In just under two days, Anonymous has managed to identify and take down over 5,500 pro-ISIS Twitter accounts. Coordinating under the hashtag #opIceISIS, hackers have collected all sorts of valuable data about suspected ISIS members and the people who aid them.
Perhaps sensitive to previous campaigns that led to the leaks of unvetted information, the members of #opIceISIS are being as transparent as they can be with the press. According to the UK’s The Guardian, their reporters have already been granted access to the massive data dumps Anonymous has been collected in the last 48 hours. The information appears extensive (albeit still not independently verified):
The activist collective is assembling lists of the Twitter accounts and websites of extremists, in an attempt to have them taken down. At least one post seen by The Independent contains details including the physical address of a person it claims is an Isis recruiter in Europe.
Activists claim to have successfully had accounts and sites taken down already. Accounts associated with the group claimed that it was responsible for the removal of more than 5,500 accounts.
The idea that hackers have gotten information on who is behind many of the accounts used to propagate the messages of ISIS is probably terrifying for those linked.
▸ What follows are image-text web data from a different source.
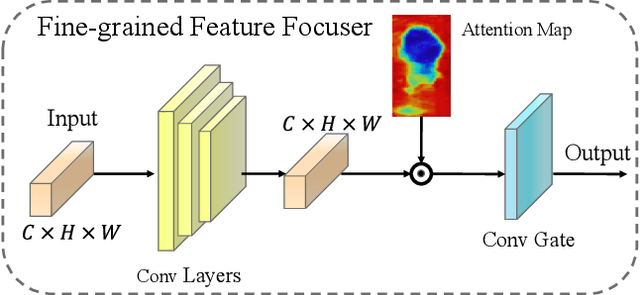 Figure 4 for Part-Attention Based Model Make Occluded Person Re-Identification Stronger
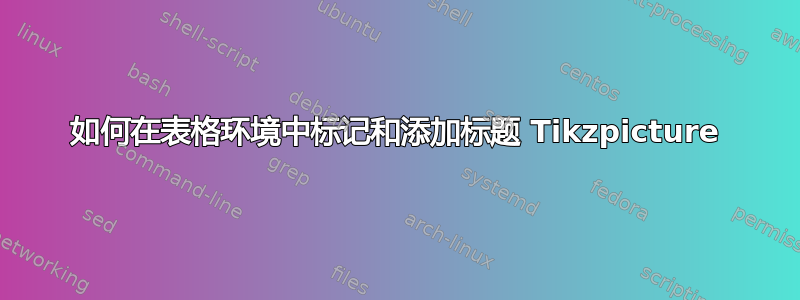 如何在表格环境中标记和添加标题 Tikzpicture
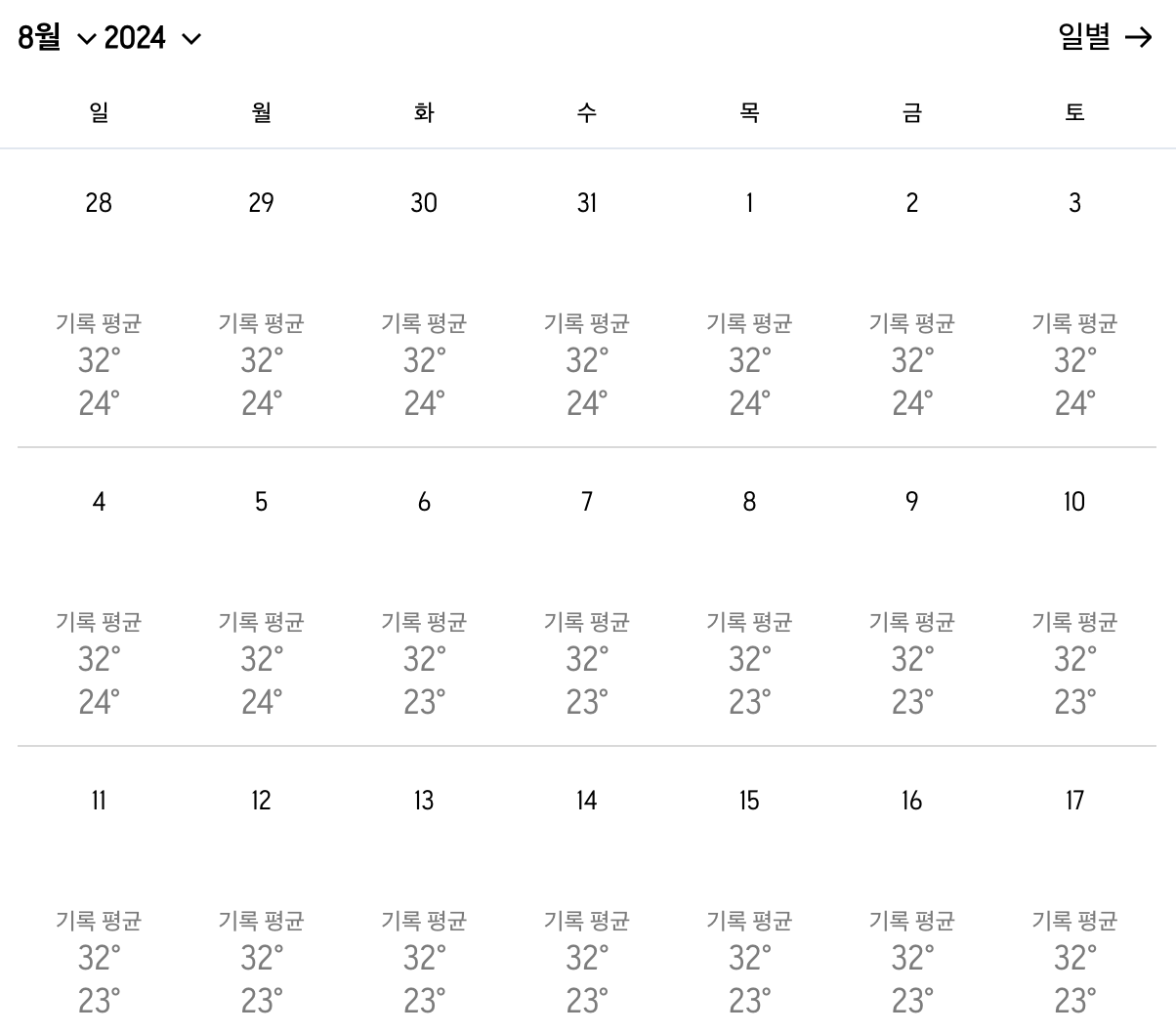 장가계 여행하기 좋은 날씨 1 3
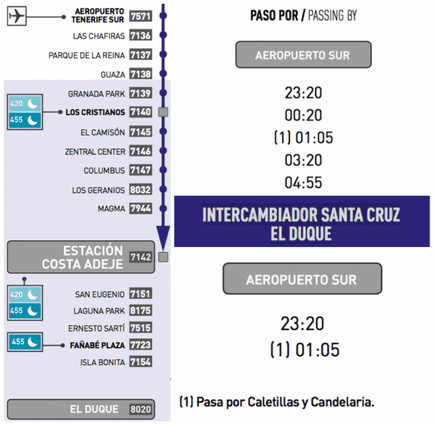 Hogyan juthat el Tenerife repülőtérről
After all, almost any slip up by a leader of ISIS means certain death. We saw a stark example of that truism just one day before the Paris attack when a U.S.-led airstrike in Syria killed “Jihadi John,” the man seen murdering several hostages in ISIS’s videos this summer.
While conservatives act tough by embarrassingly tweeting pictures of hand guns and empty posturing, what ISIS really fears are things like their names, their addresses, and their social media accounts being compromised. To that end, what Anonymous is doing is very likely to strike a chord of fear among their supporters.